What the task asks: In your copy, reproduce each entry exactly and include no picture.

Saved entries
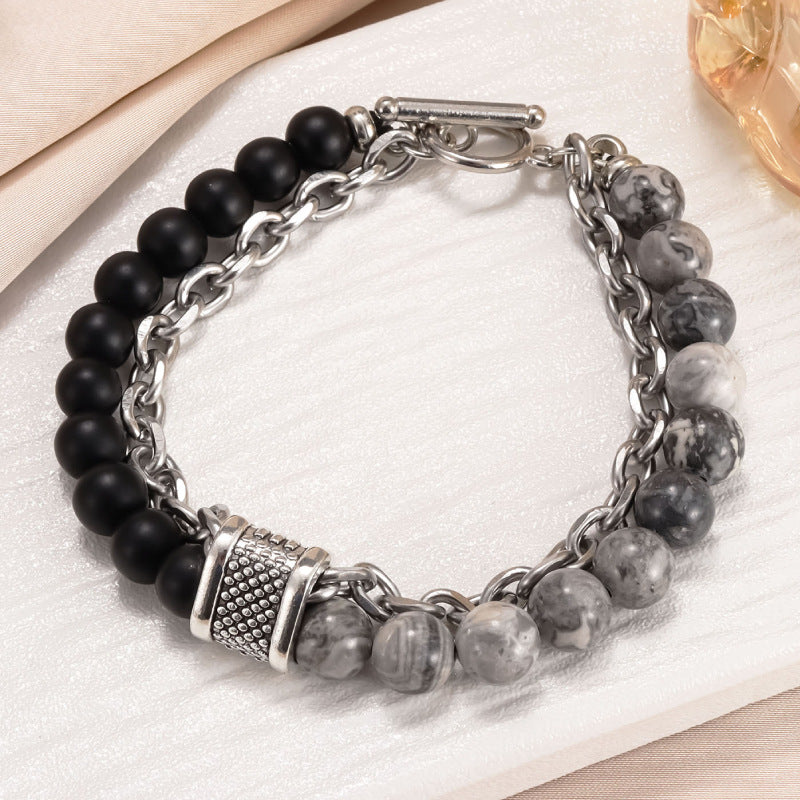 Men's Natural Unique Map Stone Beaded Iron Bracelets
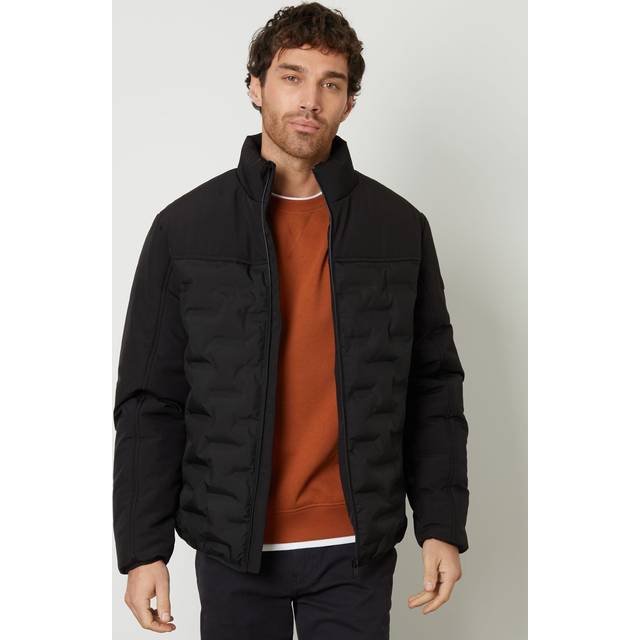Quilted Panel Funnel Neck Jacket - Black - M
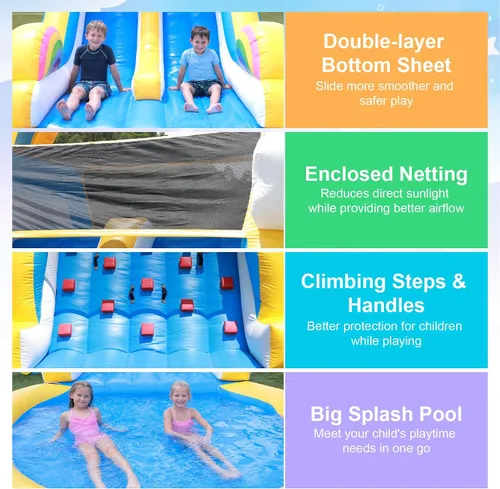 Vista 3 de Tobogán acuático inflable de grado comercial de 24 pies (L) para adultos y niños (toboganes dobles), toboganes acuáticos de PVC resistente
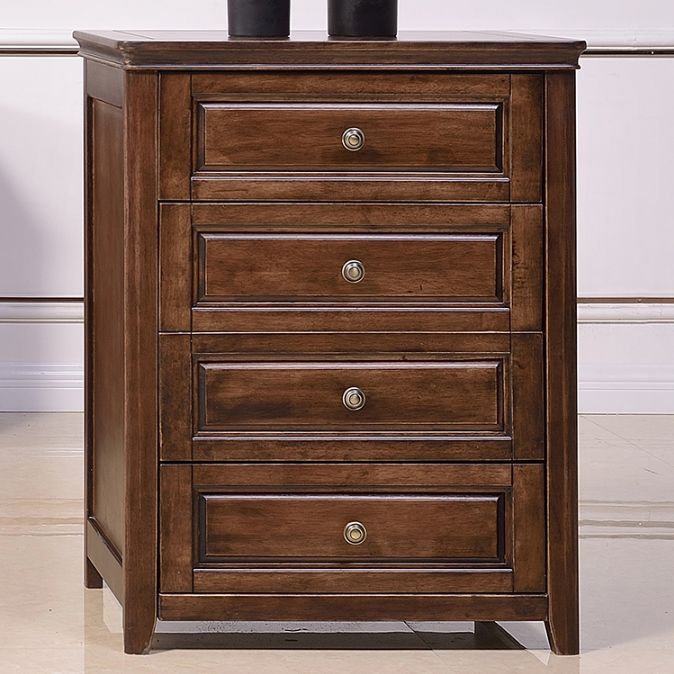 Mid-Century Modern Solid Wood Accent Chest with Drawers in Brown
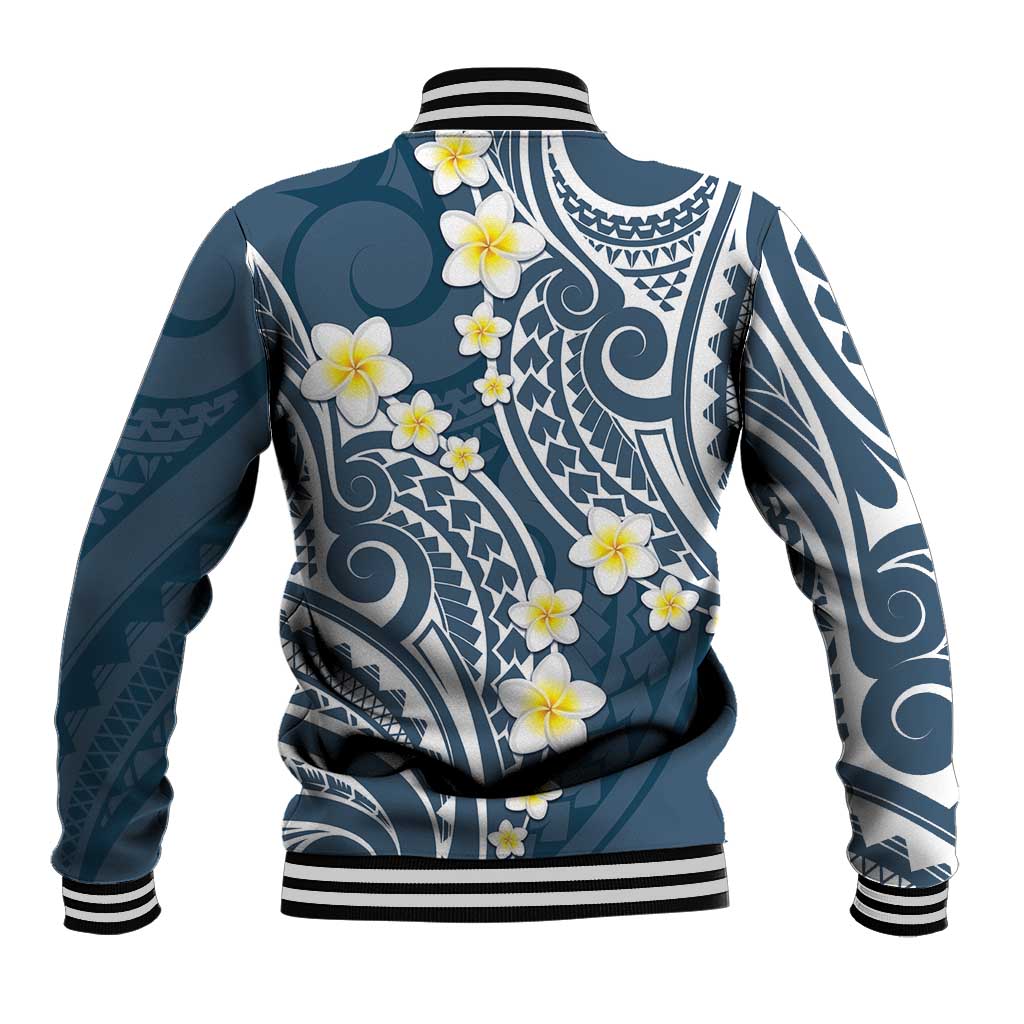 Plumeria With Blue Polynesian Tattoo Pattern Baseball Jacket LT05 - Polynesian Pride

Result of the task:
 Men's Natural Unique Map Stone Beaded Iron Bracelets
Quilted Panel Funnel Neck Jacket - Black - M
 Vista 3 de Tobogán acuático inflable de grado comercial de 24 pies (L) para adultos y niños (toboganes dobles), toboganes acuáticos de PVC resistente
 Mid-Century Modern Solid Wood Accent Chest with Drawers in Brown
 Plumeria With Blue Polynesian Tattoo Pattern Baseball Jacket LT05 - Polynesian Pride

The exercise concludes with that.